A secondary, related question is as follows: If, when the moon is overhead, the center of gravity of my body (and, presumably, every single atom in my body) is ever so slightly accelerated away from earth and towards the moon, what mechanism in the theory of gravity reverses this acceleration so that I don’t simply fly upwards to the moon? After all, it seems to me that the same principle is at work here as in the atmospheric tides.
Another point: I realize that in my primary question, the single atmospheric molecule, and, in my secondary question, the center of gravity of my body (and all the atoms of my body), are not being spontaneously pulled perpendicularly away from the earth by the moon. In order for this to occur, the moon would have to spontaneously just “materialize” directly overhead. So, I realize, that instead what is happening in both my primary and secondary questions is that the atmospheric molecule (X) and the center of gravity of my body(Y) (and all the atoms of my body [Z]) are accelerating away from earth and closer to the moon, not perpendicularly to the earth (except when and if the moon is exactly overhead), but rather, X Y and Z are accelerating away from earth and towards the moon in a kind of arc over a period of time roughly equal to the time that the moon is “in the sky”. Nevertheless, this “arc of acceleration”, rather than acceleration from a spontaneous perpendicular gravitational pull from the moon (as in the case where the moon were to suddenly and spontaneously appear directly overhead), doesn’t seem to me to change or negate the gist of my question. Furthermore, regarding my entire question here about the workings of gravity with respect to atmospheric tides, even if one were to argue that my “arc of acceleration” scenario (scenario A) was significantly different than my “moon spontaneously appearing overhead” scenario (scenario B) so that scenario A were somehow easily explainable due to some factor I’ve failed to account for, then my response to such an explanation for scenario A would simply be: ok, then what about scenario B? The reason this would be my response is because, in scenario B, where the moon suddenly materializes directly overhead, my current understanding of Newtonian gravity can offer no reason why, when the moon suddenly appears, that molecules at the top of earth’s atmosphere wouldn’t begin to accelerate towards it; and once this acceleration begins, it seems to me that the above mentioned “snowball effect” of gravity’s inverse square law should take over.

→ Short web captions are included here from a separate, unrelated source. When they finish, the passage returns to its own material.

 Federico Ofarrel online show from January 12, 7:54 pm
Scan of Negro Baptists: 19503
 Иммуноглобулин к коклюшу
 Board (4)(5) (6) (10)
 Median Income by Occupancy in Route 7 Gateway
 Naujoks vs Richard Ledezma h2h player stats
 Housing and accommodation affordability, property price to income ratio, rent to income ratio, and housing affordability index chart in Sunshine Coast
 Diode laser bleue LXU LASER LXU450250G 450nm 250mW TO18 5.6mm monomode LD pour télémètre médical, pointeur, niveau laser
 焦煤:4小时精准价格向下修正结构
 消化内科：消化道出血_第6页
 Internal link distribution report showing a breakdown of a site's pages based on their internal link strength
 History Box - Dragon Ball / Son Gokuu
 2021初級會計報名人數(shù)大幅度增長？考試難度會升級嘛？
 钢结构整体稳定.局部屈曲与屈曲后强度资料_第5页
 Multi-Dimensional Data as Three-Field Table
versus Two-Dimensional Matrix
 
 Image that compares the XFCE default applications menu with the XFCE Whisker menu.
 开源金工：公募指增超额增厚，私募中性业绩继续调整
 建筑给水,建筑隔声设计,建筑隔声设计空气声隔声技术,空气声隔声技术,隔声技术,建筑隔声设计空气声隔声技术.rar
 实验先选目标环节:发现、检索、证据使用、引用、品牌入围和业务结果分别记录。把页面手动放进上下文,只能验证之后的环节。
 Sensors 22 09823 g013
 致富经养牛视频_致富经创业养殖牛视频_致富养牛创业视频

My appeal to those smarter than myself: If anyone sees some faulty assumptions I’ve made above, or some facts I’ve neglected to account for, which would explain not only how it’s possible that atmospheric tides due to the moon’s gravity do in fact exist, but also how the implied acceleration changes and distance changes (with respect to the earth and the moon) of the constituent molecules of these tides (scenario A) would not ultimately lead to the moon stealing the earth’s atmosphere, I would really appreciate it; likewise, even if my question about scenario A is easily explainable due to something I’ve missed, I’d equally appreciate an explanation for scenario B, if scenario A’s explanation doesn’t already cover it. I’m literally losing sleep over this question, so thanks, in advance.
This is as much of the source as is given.